Statt in der Vergangenheit zu verweilen, fragt Whoomba nach Neuigkeiten über die Balz-Bubis, aber noch gibt es nach wie vor nichts Konkretes. Während Shizo Dani weiter beim Bauen seiner Basis hilft, räume ich alles weg und wundere mich, dass Henrik sich noch genauer über die Waffe des Täters erkundigt. Vielleicht hat der Täter seine Waffe ja aus einer Polizeistation? So jedenfalls seine Vermutung. Am Ende ist es aber doch egal, woher die Waffe kam. Tot ist tot und Gelegenheiten gibt es viele. Ich bestatte Jahsans Überreste in seiner Uniform im Meer, gedenke meines Freundes und mache mich dann wieder an die Arbeit. Sorgfältig prüfe ich das Samariter-Haus, doch es ist noch unberührt. Hier wollte der Täter also nicht rein. Das nenne ich mal Glück im Unglück, denn ich hatte noch nicht alle Seiten gesichert. Dummerweise fehlen uns aber nun die Nägel. Das ist ein Problem, um das wir uns auf jeden Fall noch kümmern müssen.
Henrik erklärt Whoomba, noch nebenbei, dass er seine Basis im Süden auf dem Hochhaus nun wieder allein bezogen hat, da ja Shizo und David ein gemeinsames Bauprojekt angehen. Ich beschließe, die Ruhe nach dem Sturm zu nutzen, um ein anderes Problem anzugehen und verabschiede mich vorerst von den Jungs.
Ich kontaktiere Satsuki: „Hi. Hast du gestern Abend zufällig auf ein Auto bei Chernogorsk geschossen?“, frage ich unverblümt. Mein Gegenüber schweigt zunächst, ringt sich dann aber zu einem "möglich" durch. Diese halbgaren Antworten kann ich nicht ausstehen, als ob er abwiegen würde, wie gefährlich es sei, die Wahrheit zu sagen. Möglicherweise liegt es an dem Vorfall in Solnichniy vorhin oder ich habe generell einen schlechten Tag, aber ich bin sauer und lasse ihn das auch spüren. „Aha", entgegne ich trocken, „das war echt fies... wir hatten doch unser Event!" Ich kann ihn förmlich vor mir sehen, wie er den Überraschten mimt: „Oh... das habe ich nicht mitbekommen.
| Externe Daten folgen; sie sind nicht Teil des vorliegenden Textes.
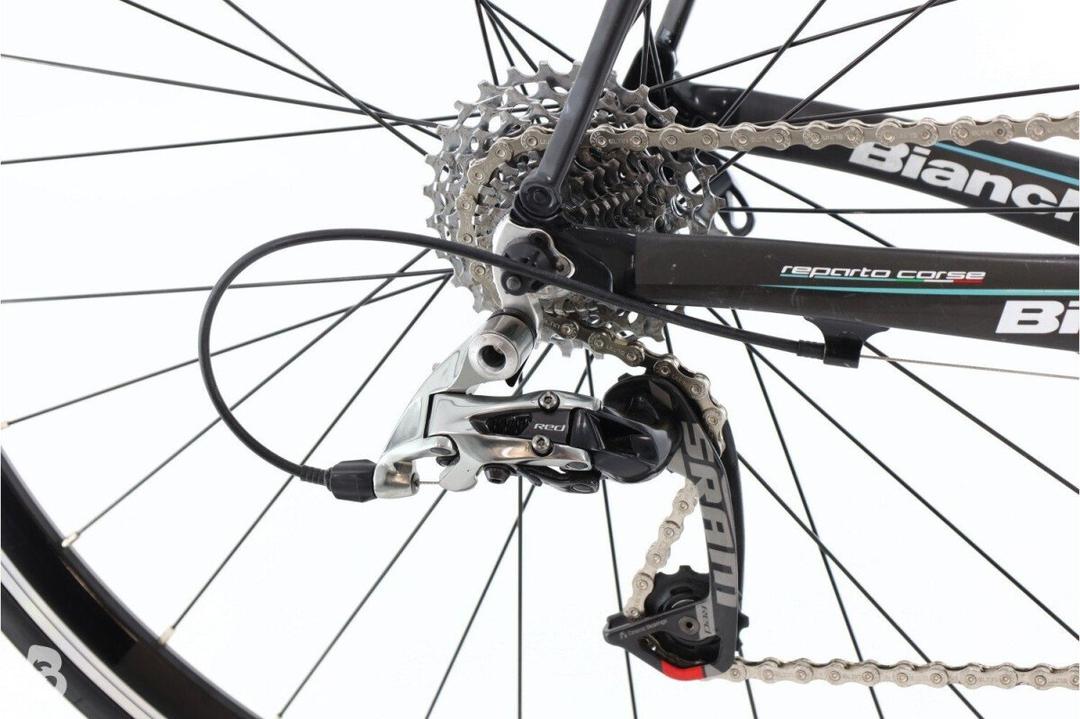 Bianchi Oltre XR 2019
Sorry". Eine billige Ausrede… wir haben alle in den letzten Wochen unaufhörlich über Tabaskos Event und die Vorbereitungen gesprochen. Ich kann mich erinnern, so ziemlich jeden dazu eingeladen zu haben. Außerdem waren so viele Autos voller Bambis unterwegs, da hätte er sich seinen Teil einfach denken müssen und ich bin mir fast schon sicher, dass er das auch getan hat und überhaupt verstehe ich nicht, weshalb ich nun wieder anfange, meine Wut zu rechtfertigen. Er hat Mist gebaut, wissentlich.
„Aber sie haben mich ja erwischt", versucht er mich wieder zu beschwichtigen. Dummerweise lasse ich mich nun doch auf die Diskussion ein: „Ja, aber du hast mich erschossen… ein wehrloses kleines Bambi! Und ein Auto dabei geschrottet, das wir dringend fürs Event gebraucht hätten...", fahre ich fort, um ihm die Konsequenzen seiner Handlung deutlich zu machen. Aber warum? Er weiß das ohnehin und hat das mit voller Absicht gemacht, egal, was er nun sagt. Möglicherweise liegt es noch am Schock, aber ich kann mich leider gerade nicht so sehr in Rage reden, wie ich es gerne würde, obwohl ich deutliche Worte finde. Klar, wir kamen alle mehr oder weniger in der Nähe der Küste wieder an, aber diese Aktion hat uns wertvolle Zeit gekostet.
„Hoppla… ich dachte, da wäre nur der Kühler kaputt. Ich werde nie wieder schießen...", versucht er nun mich abzuwiegeln. Als ob…! Klar… war ja alles nur Spaß und so. Das Bild von Max und Kevin taucht vor meinem inneren Auge auf. Ich habe es so satt der Spielball für andere zu sein!
„Pff, als ob!", erwiderte ich ärgerlich, aber noch immer weniger wütend, als ich eigentlich sein sollte. Ich fasse mich wieder. „Du hast Blue und mich getötet. Einfach so! Und Shizos Auto ist Schrott. Überleg dir was, um das wieder gut zu machen!" Die Konfrontation endet damit, dass er kommentarlos den Funkkanal verlässt.
Definitiv nicht meine Vorstellung von einem Spaß und einem klärenden Gespräch, aber nun habe ich wenigstens Gewissheit. Jetzt weiß ich jedenfalls, woran ich bei diesem Typen bin, und ich werde ihm nicht so schnell wieder vertrauen.
Die Begegnung mit Satsuki wirft Fragen über mein Vertrauen in Menschen auf. Vertraue ich zu schnell? Diese Episode hinterlässt ein mulmiges Gefühl, doch ich versuche, meinen Ärger in die Arbeit am Samariter-Haus zu kanalisieren. Jedenfalls gibt es einen kleinen Lichtblick: Die WG in Solnichniy wächst, und ich kann einige Kisten mit Essen beisteuern. Ein kleiner Trost inmitten der Herausforderungen von Chernarus. Blue, Hikaru, Jammet und Kanu werden sich sicher darüber freuen.